What to do =>
The whole listing, please: repeat it exactly, with the pictures left out.

--- START ---

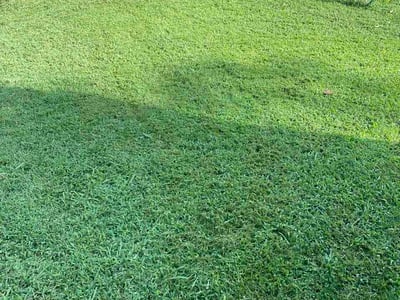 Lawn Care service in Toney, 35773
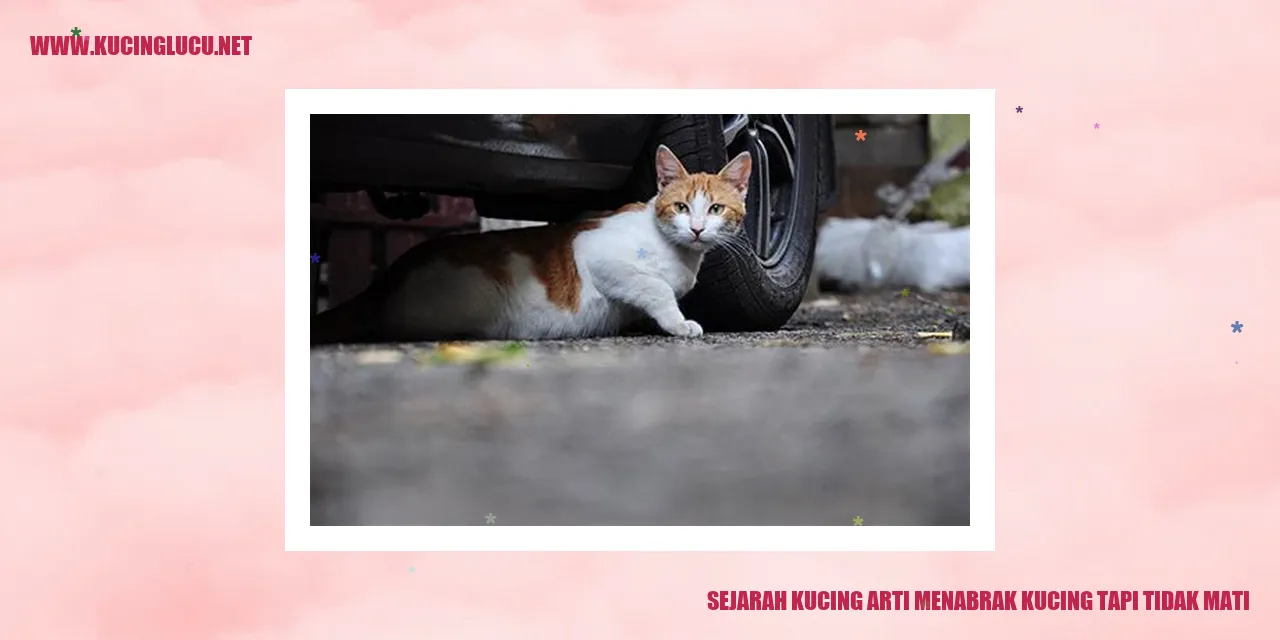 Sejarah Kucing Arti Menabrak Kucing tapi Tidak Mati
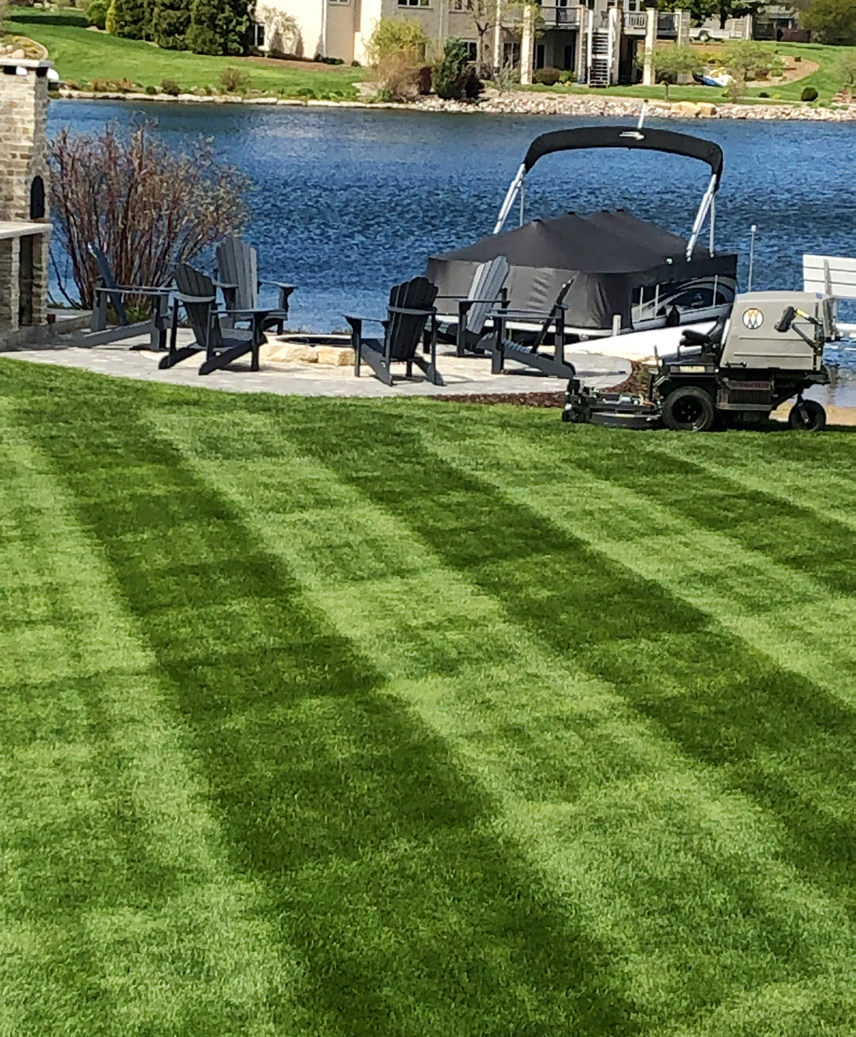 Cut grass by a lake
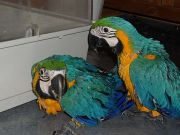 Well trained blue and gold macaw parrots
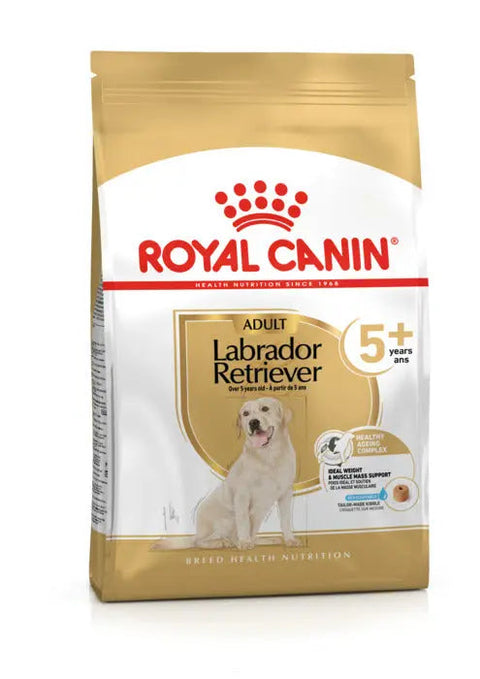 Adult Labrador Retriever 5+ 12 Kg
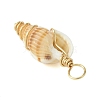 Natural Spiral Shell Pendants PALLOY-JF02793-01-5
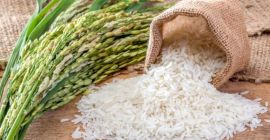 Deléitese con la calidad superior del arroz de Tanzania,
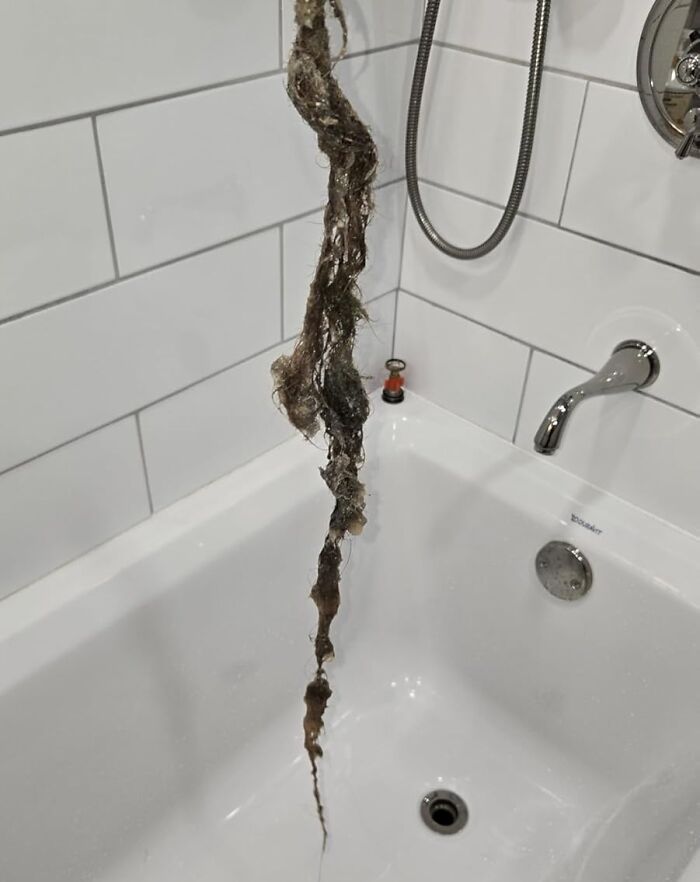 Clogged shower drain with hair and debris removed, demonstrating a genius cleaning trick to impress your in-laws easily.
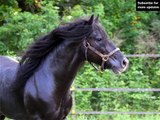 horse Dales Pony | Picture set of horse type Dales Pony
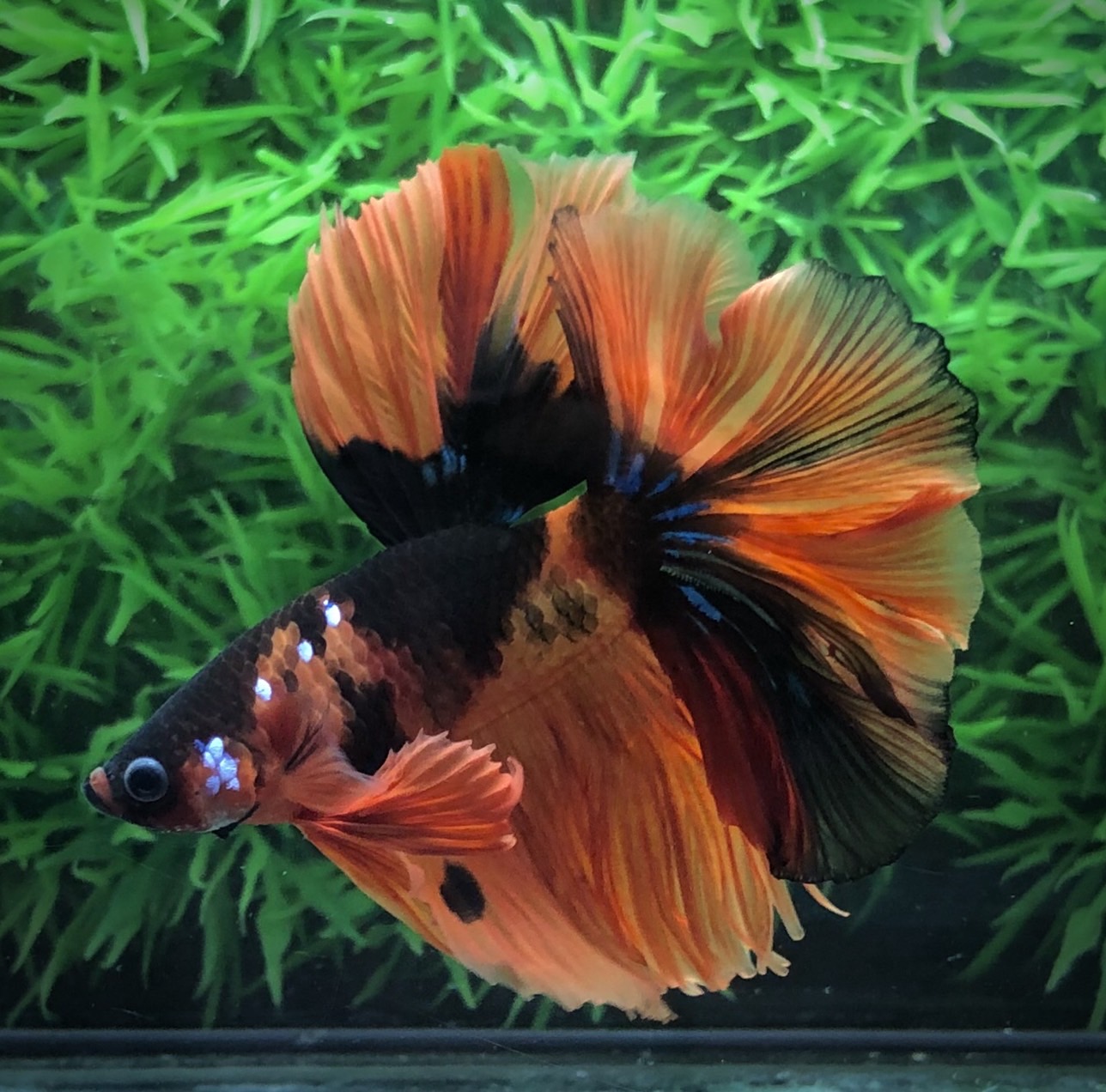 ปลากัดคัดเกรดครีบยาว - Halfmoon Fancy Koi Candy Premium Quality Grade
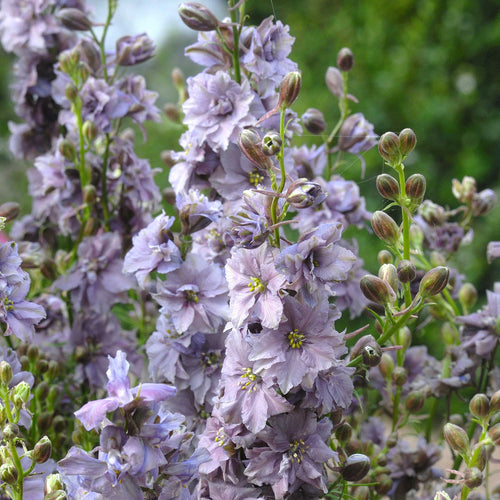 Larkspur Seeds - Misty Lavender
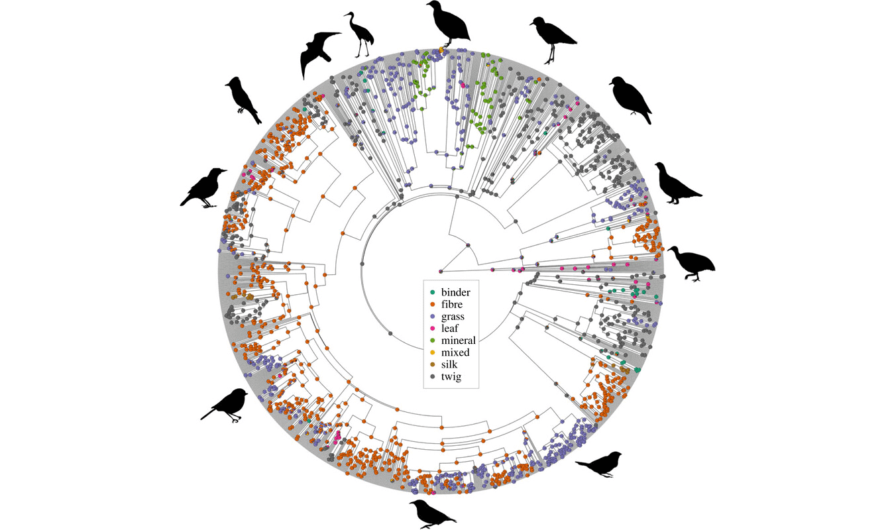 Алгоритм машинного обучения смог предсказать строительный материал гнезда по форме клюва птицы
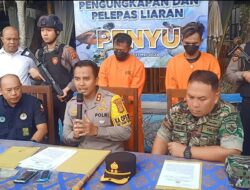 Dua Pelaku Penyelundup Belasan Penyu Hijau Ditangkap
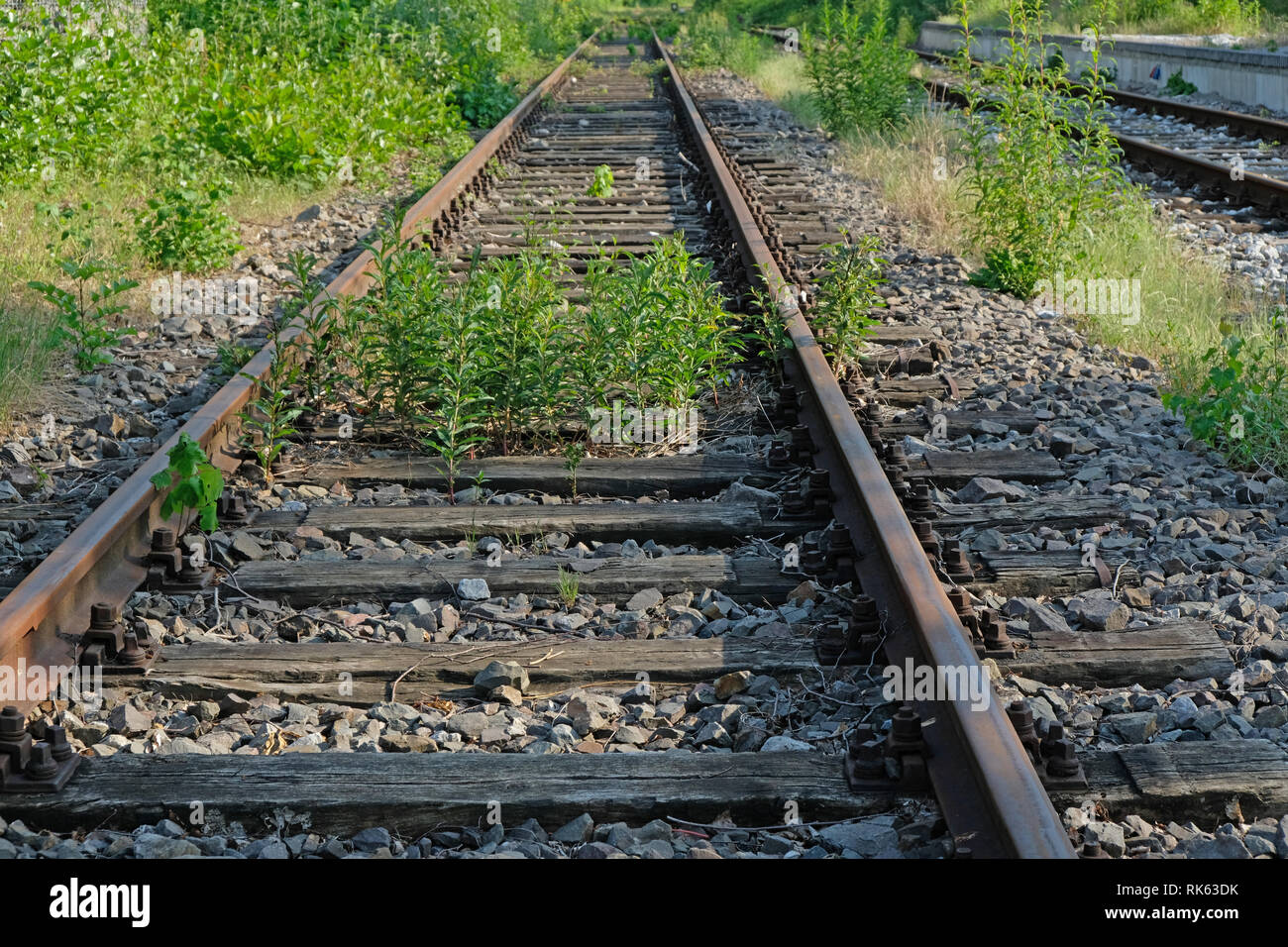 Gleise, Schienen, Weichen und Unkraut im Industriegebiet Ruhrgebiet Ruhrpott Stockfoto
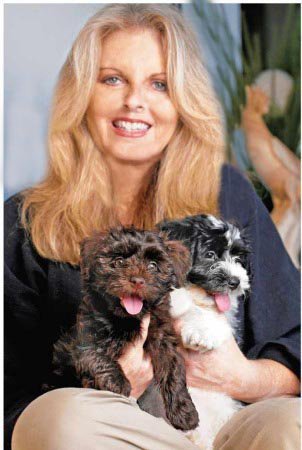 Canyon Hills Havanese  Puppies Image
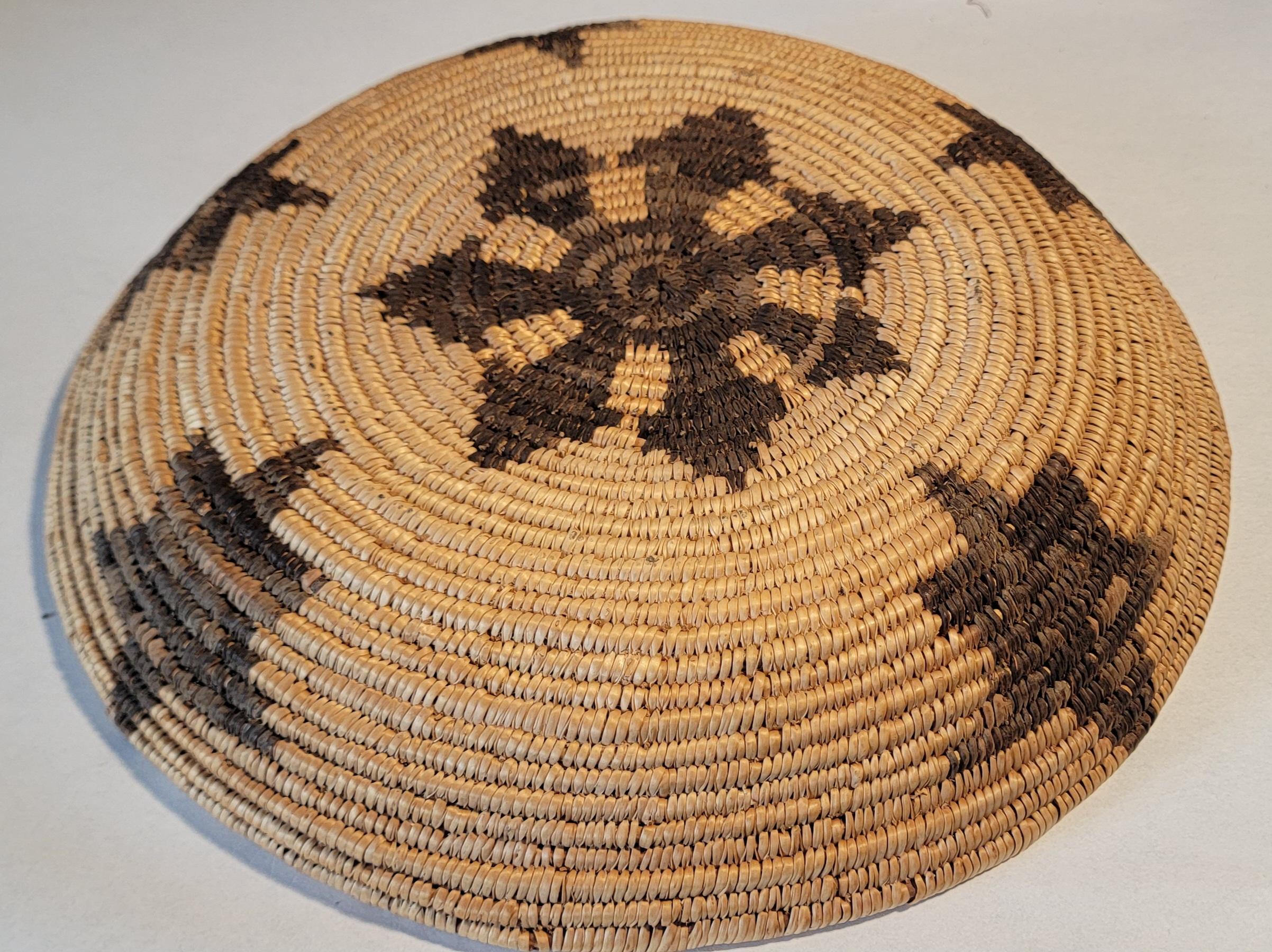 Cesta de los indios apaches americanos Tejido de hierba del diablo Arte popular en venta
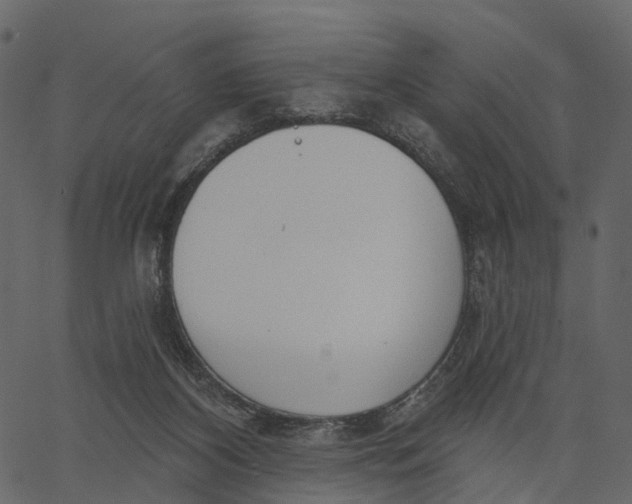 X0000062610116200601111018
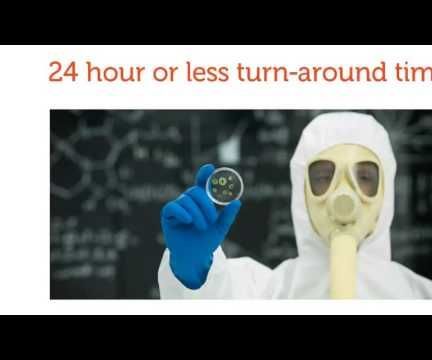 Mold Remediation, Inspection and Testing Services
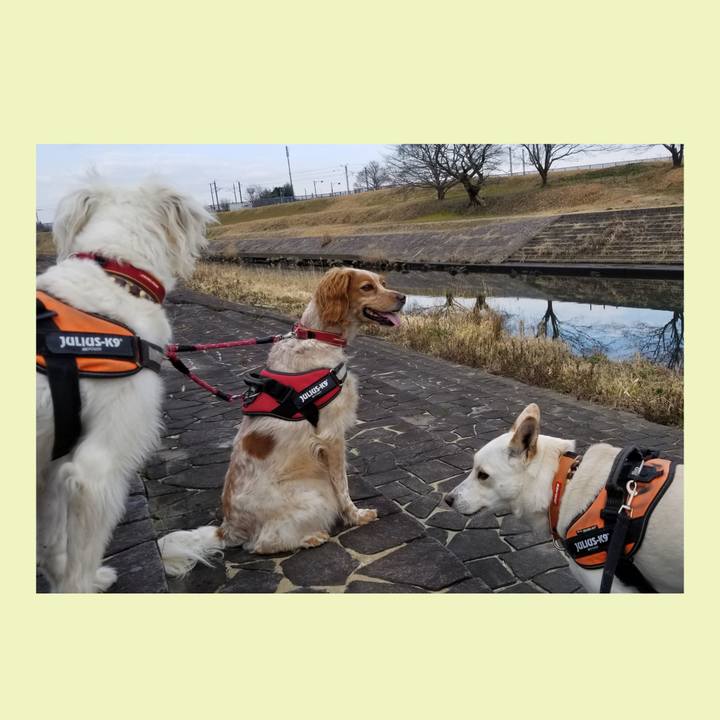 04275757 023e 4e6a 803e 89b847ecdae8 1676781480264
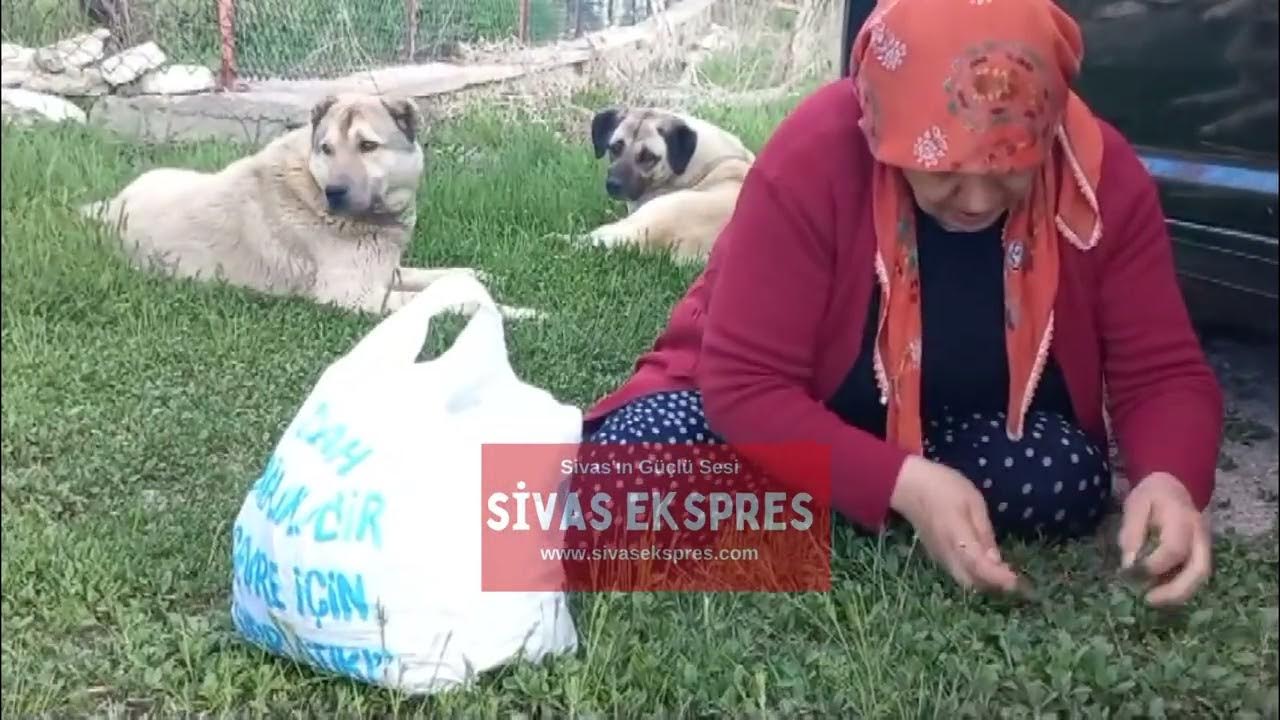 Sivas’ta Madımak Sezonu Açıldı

--- END ---

Your response =>
 Lawn Care service in Toney, 35773
 Sejarah Kucing Arti Menabrak Kucing tapi Tidak Mati
 Cut grass by a lake
 Well trained blue and gold macaw parrots
 Adult Labrador Retriever 5+ 12 Kg
 Natural Spiral Shell Pendants PALLOY-JF02793-01-5
 Deléitese con la calidad superior del arroz de Tanzania,
 Clogged shower drain with hair and debris removed, demonstrating a genius cleaning trick to impress your in-laws easily.
 horse Dales Pony | Picture set of horse type Dales Pony
 ปลากัดคัดเกรดครีบยาว - Halfmoon Fancy Koi Candy Premium Quality Grade
 Larkspur Seeds - Misty Lavender
 Алгоритм машинного обучения смог предсказать строительный материал гнезда по форме клюва птицы
 Dua Pelaku Penyelundup Belasan Penyu Hijau Ditangkap
 Gleise, Schienen, Weichen und Unkraut im Industriegebiet Ruhrgebiet Ruhrpott Stockfoto
 Canyon Hills Havanese  Puppies Image
 Cesta de los indios apaches americanos Tejido de hierba del diablo Arte popular en venta
 X0000062610116200601111018
 Mold Remediation, Inspection and Testing Services
 04275757 023e 4e6a 803e 89b847ecdae8 1676781480264
 Sivas’ta Madımak Sezonu Açıldı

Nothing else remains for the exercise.